To Tucker’s credit, he loudly and publicly says “I fucked up on Iraq and it is my biggest mistake.”

Maybe there are others but I think most media just move along. I appreciated that he owned his failure. Maybe it’s an act but he seems to have really taken it to heart. He was probably the only person on Fox that criticized Trump over Solemni (sp?). He was probably the only person on Fox at the start of the Ukraine war to pump the brakes. Maybe it doesn’t come from a well thought out place but being burned on Iraq seems to have made him reflexively against any foreign entanglements.
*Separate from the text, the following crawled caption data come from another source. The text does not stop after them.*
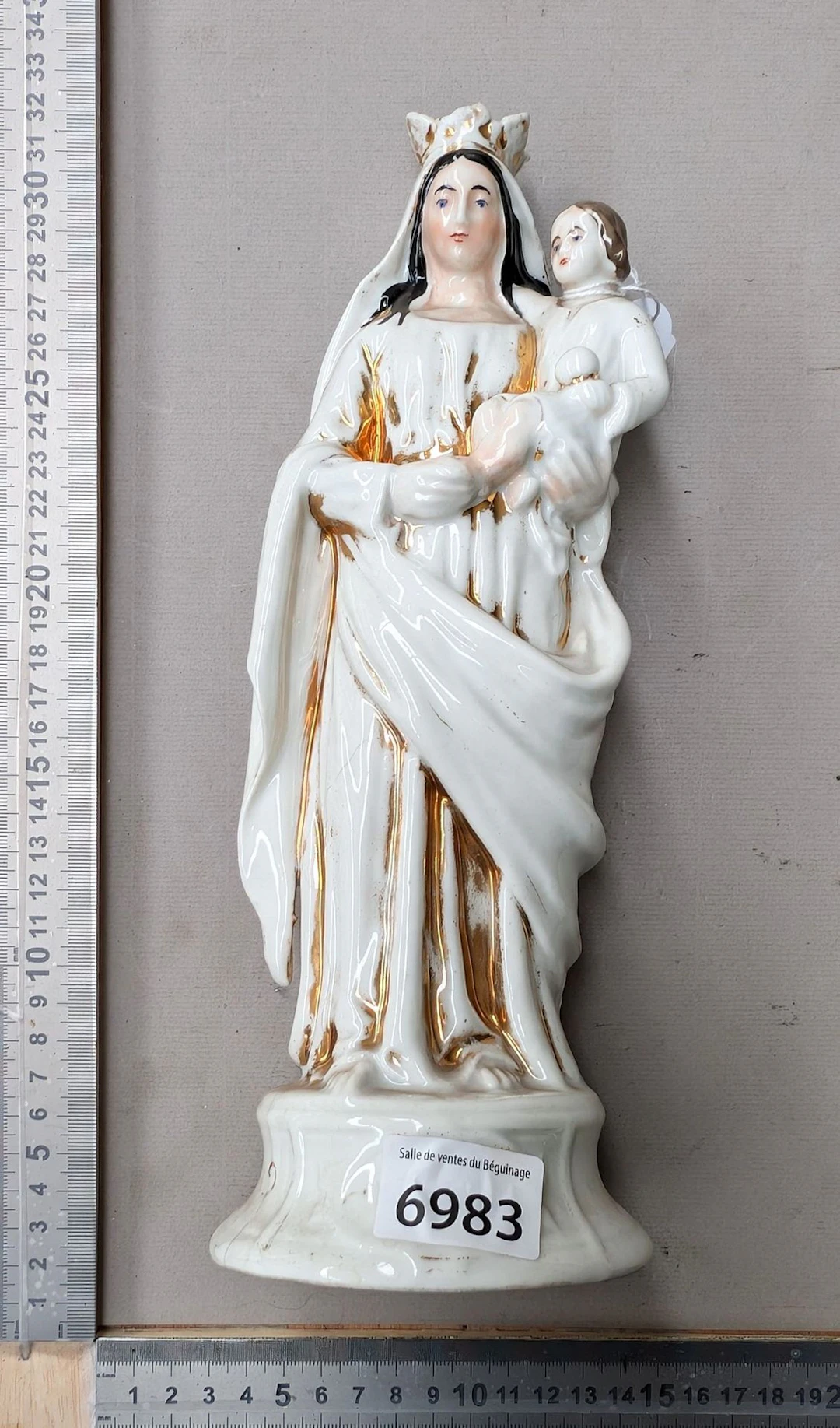 The Virgin and Child - See photos for dimensions and condition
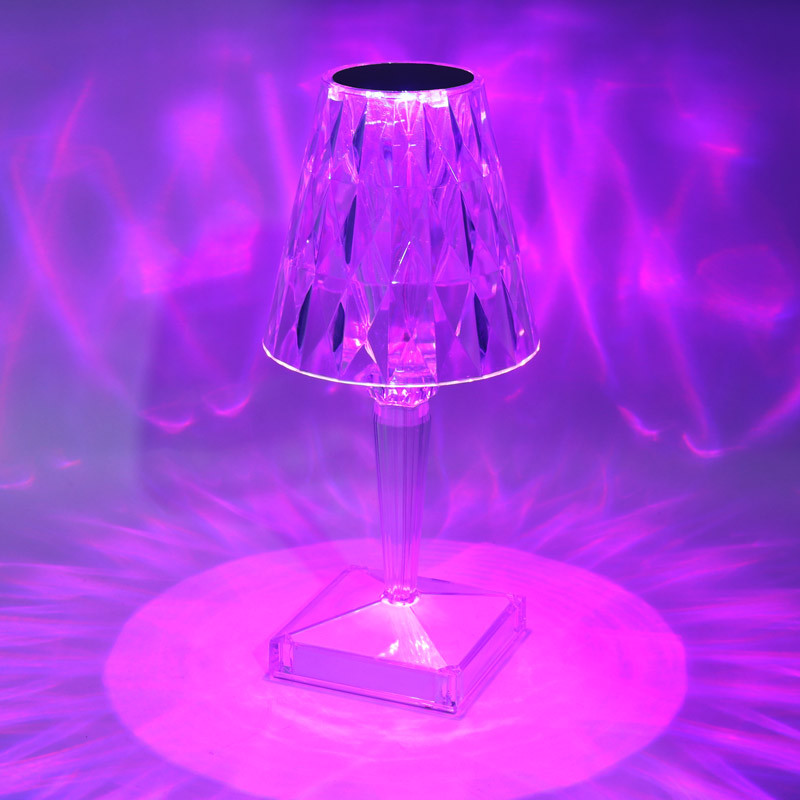 چراغ خواب Touch Lamp طرح آباژور کریستالی + ریموت کنترل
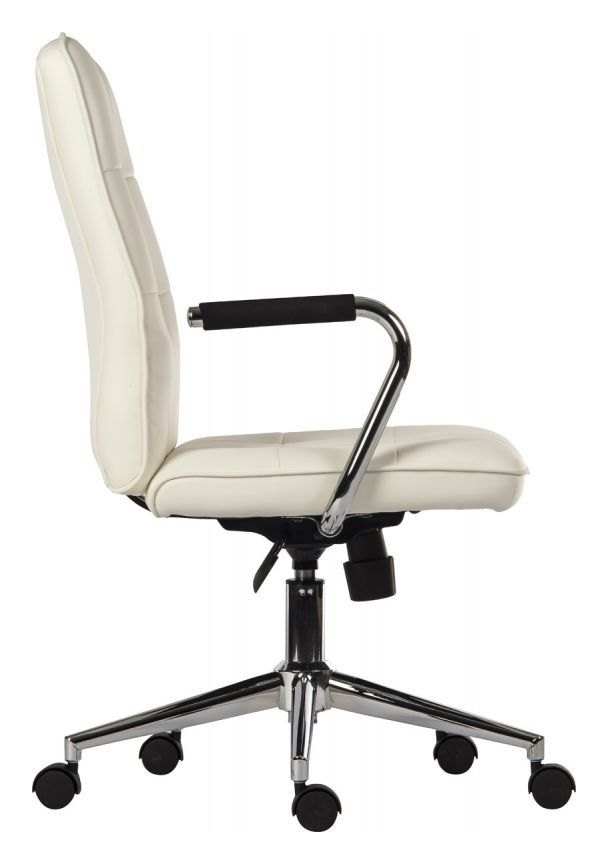 Piano Executive Chair in white, view 3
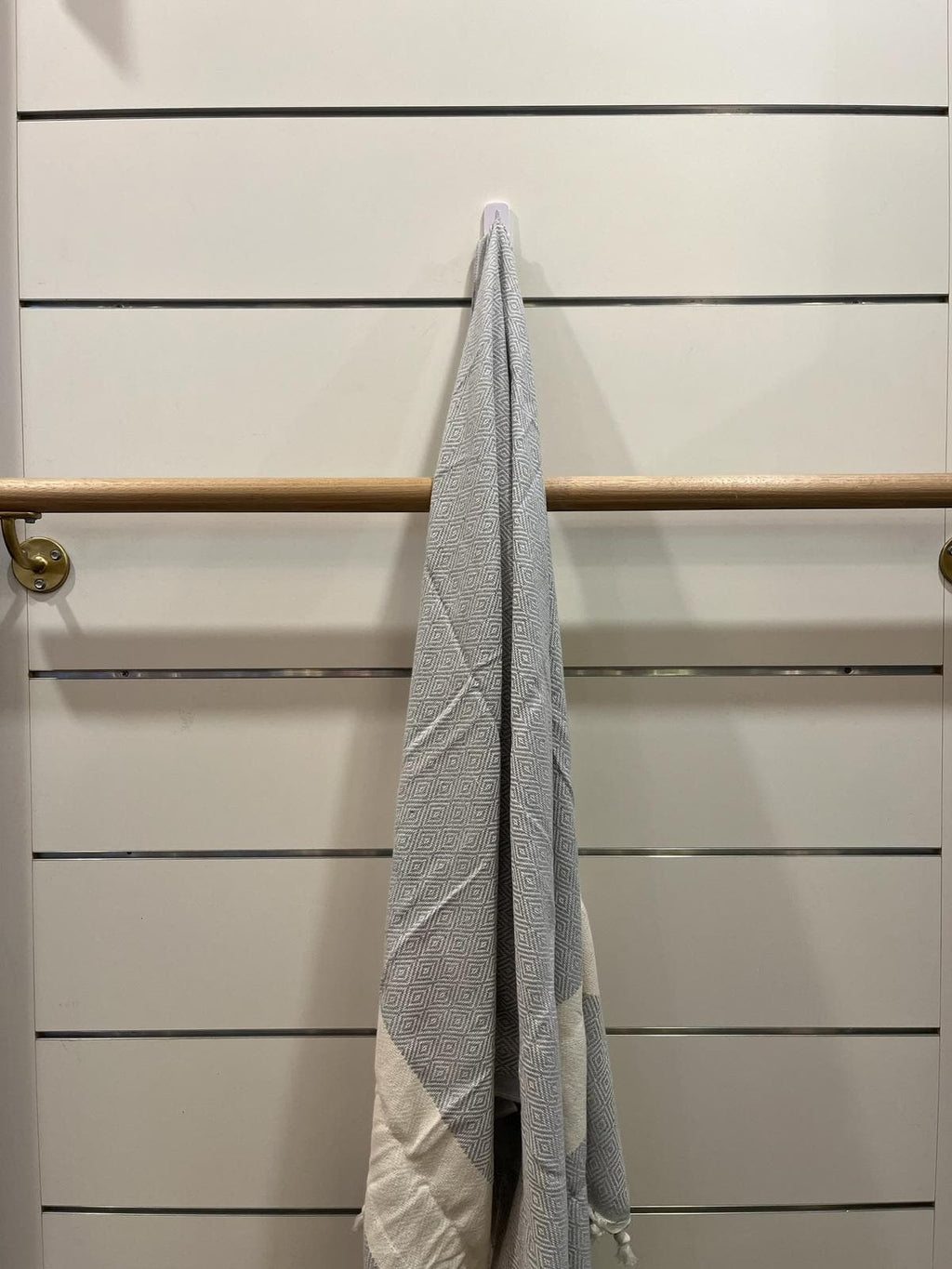 Turkish Cotton Towels Diamond (Grey)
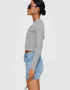 Mid-Rise Denim Mini Skirt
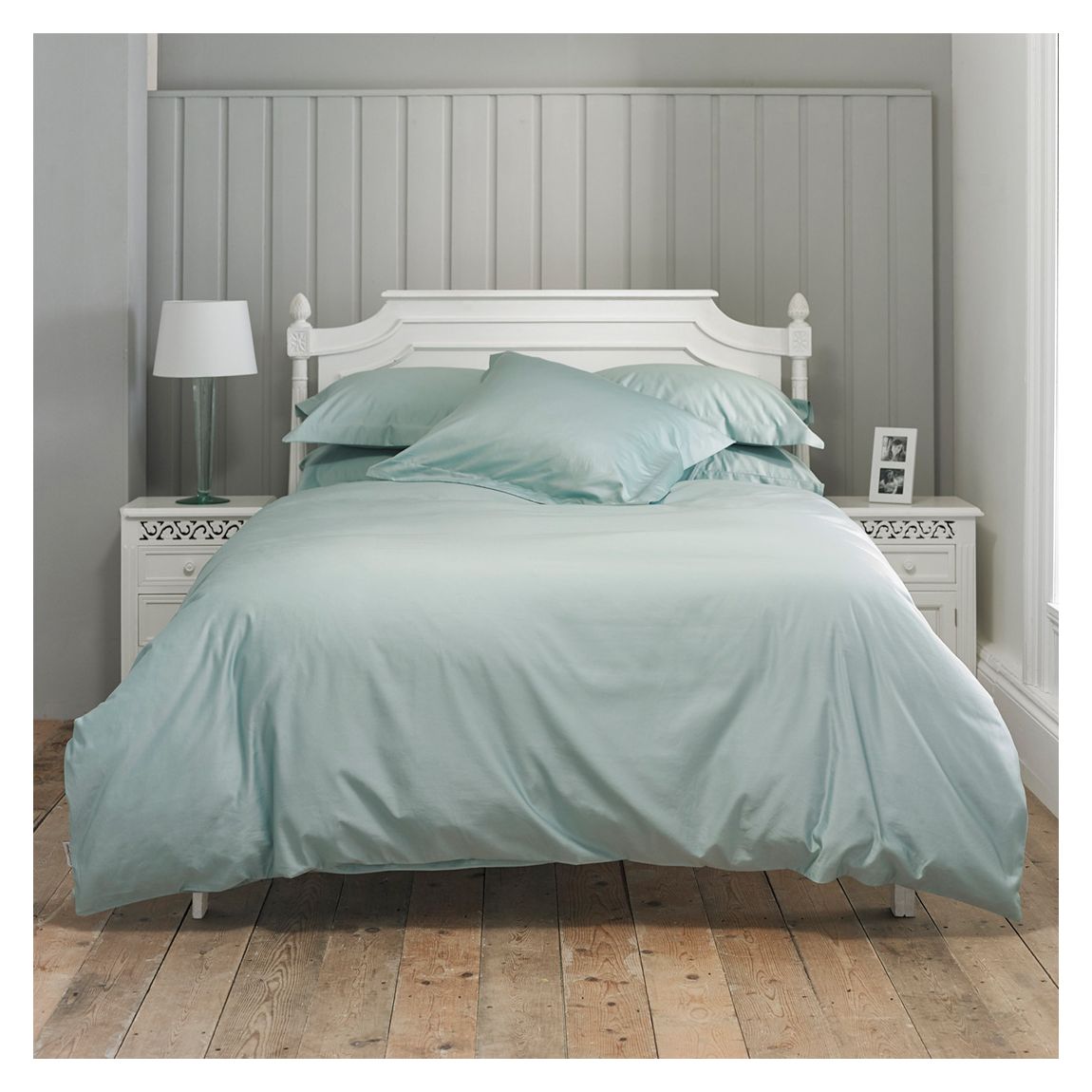 800TC Double Duvet Cover Set, Duck Egg main product photo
In my opinion, Tucker Carlson has been one of the handful of the top most norms-damaging individuals in the United States over the past 5 years.

If by "top" you mean something like "top 100K", maybe. That list is absolutely swarmed with all the other journalists, as well as academics, politicians, appointed bureaucrats, judges, captains of industry, artists, etc.

No, I meant top 10.

Well, I think that requires a willful glossing over of all norm breaking behaviors we've seen from the people I outlined, both as individuals, and as a class.

We just had a whole cadre of leftist media (eg NYT, WaPo, CNN) pretend the president wasn’t senile for three years. Yet we are attacking Tucker? Physician heal thyself.

norms-damaging individuals

Good, the status quo norms got us into Ukraine-sandpit-boogaloo and would get us into a hot WW3 sooner if they would have gotten hilldawg into office.

Preachy, smarminess of Glenn Beck 2.0 for real but with even more disdain for the truth. I hope he doesn’t manage to somehow launder his own image back to respectable.

Yep. I don’t think he’ll be able to launder it back to respectability, at least for those who are able to detect lies and deceit.

Interesting that he just spoke at the RNC. Looks like he’s back to riding trumps coattails.

Edit: and to be honest I don’t think he’s had any respectability since John Stewart showed what an ass he is on live television.

Okay, I'll bite. What, specifically, have you found objectionable? I admit that I have limited knowledge of Tucker Carlson except for maybe 3 or 4 interviews of perhaps 1 hour each. He seemed forthright, well-intentioned, and informed. He is wrong about climate change, though. What else is he wrong about?

On a personal level, people say that he is an absolutely kind and wonderful person to be around which counts a lot in my book.

I still have a set of notes floating around for one day I watched a whole show or two back in 2020 election season and recorded my specific takes on it if that would be interesting as its own post? But the abridged version is that he would applaud people who thought differently than him for the bravery of coming on the show and then almost never let them speak. His show repeatedly would contain notable errors that more disciplined journalism would have caught. As Fox argued in court, his show was entertainment. Of course there's also some leaked texts where he both expresses his feelings which were outright at odds with his on-air opinions, strongly suggesting at least some level of disingenuousness. The overall tenor of the show was kind of gish-gallop style, where segments of opinionated commenters would be aired one after another, smashed together at breakneck pace in a parade with little actual engagement other than a furrowed brow and "oh that's interesting" interspersed with mantra-like platitudes such as "THEY want to lie to you but WE tell the truth". It was a ceaseless, unrelenting setup of grievance and pre-packaged thoughts with no space to breathe or even think provided in most all the segments. I think on some level I understand frustration with mainstream media as it is, but the kind of us-vs-them mentality constantly pushed on the show felt incredibly excessive and eminently hypocritical.